*Problem requirements*. Would you please restate the data exactly as it stands, apart from the pictures?

*Data provided*.
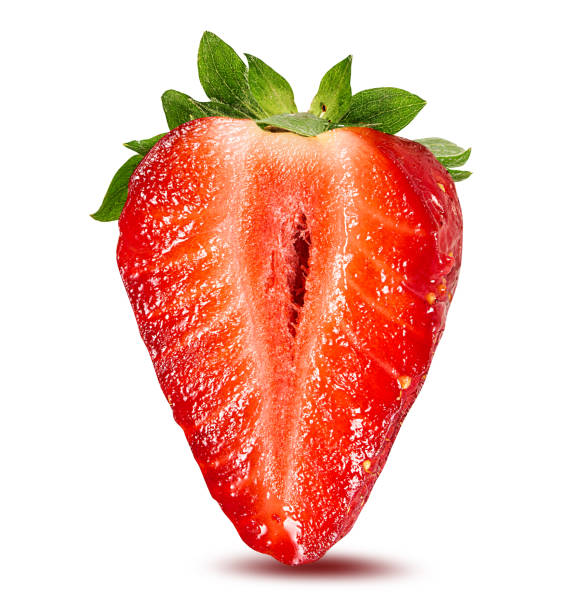 istock Strawberry halved isolated on white background with clipping path 1204370351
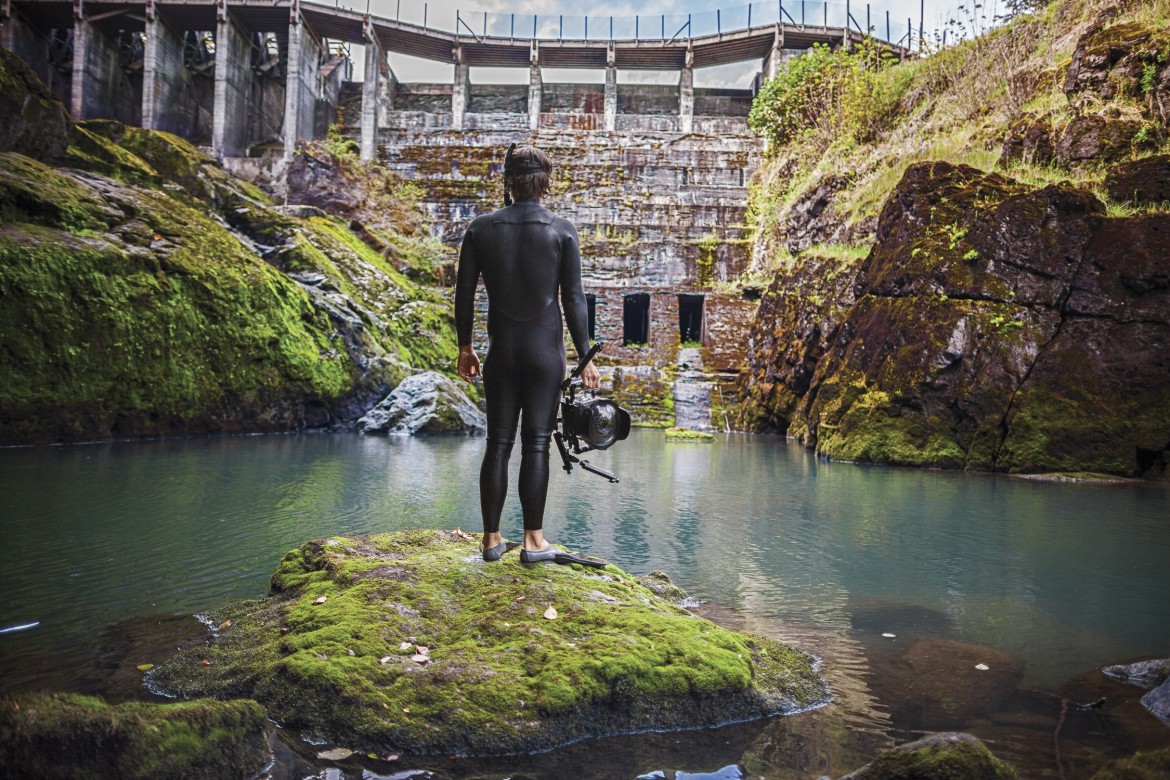 DamNation producer and underwater photographer Matt Stoecker emerges from the icy tail waters below the former Elwha Dam in a scene from DAMNATION. Photo Ben Knight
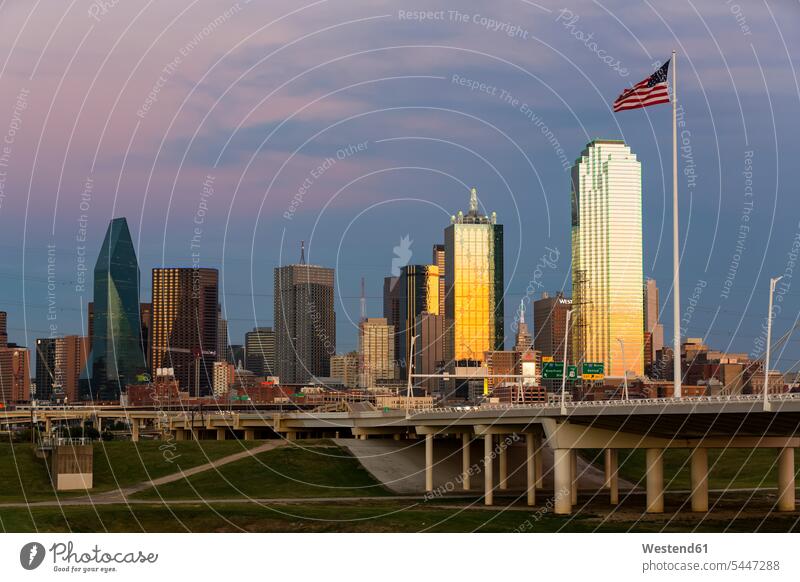 USA, Texas, Dallas skyline at dusk flag flags atmosphere atmospheric evening evening twilight bridge bridges cloudy cloudiness clouds copy space Patriotism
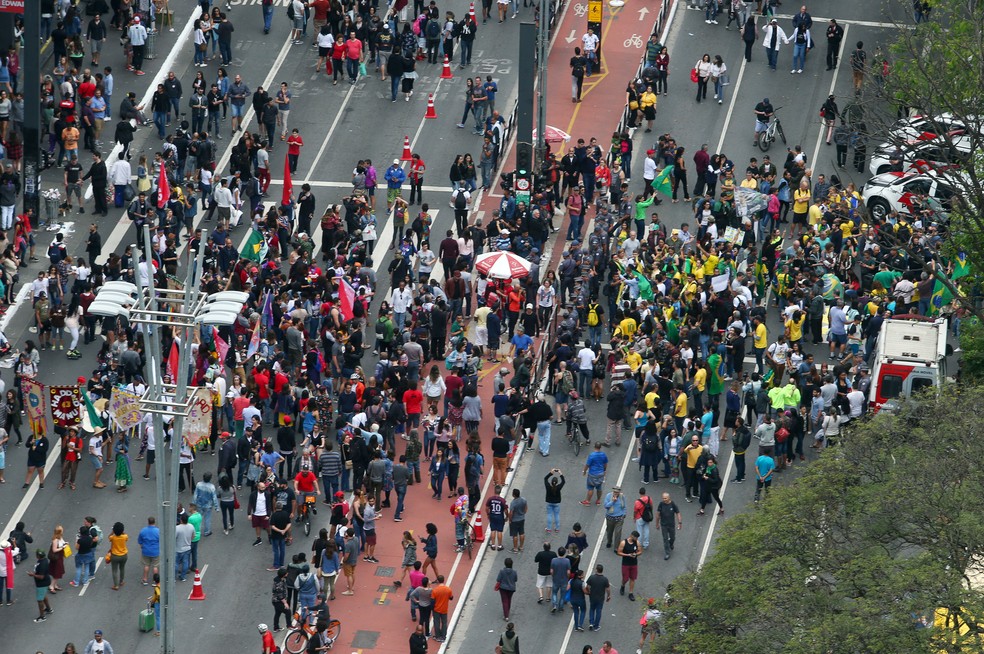 Apoiadores de Haddad, à esquerda, e de Bolsonaro, à direita, durante protestos neste domingo (14), na Avenida Paulista, em São Paulo — Foto: Reuters / Amanda Perobelli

*The answer*.
 istock Strawberry halved isolated on white background with clipping path 1204370351
 DamNation producer and underwater photographer Matt Stoecker emerges from the icy tail waters below the former Elwha Dam in a scene from DAMNATION. Photo Ben Knight
 USA, Texas, Dallas skyline at dusk flag flags atmosphere atmospheric evening evening twilight bridge bridges cloudy cloudiness clouds copy space Patriotism
 Apoiadores de Haddad, à esquerda, e de Bolsonaro, à direita, durante protestos neste domingo (14), na Avenida Paulista, em São Paulo — Foto: Reuters / Amanda Perobelli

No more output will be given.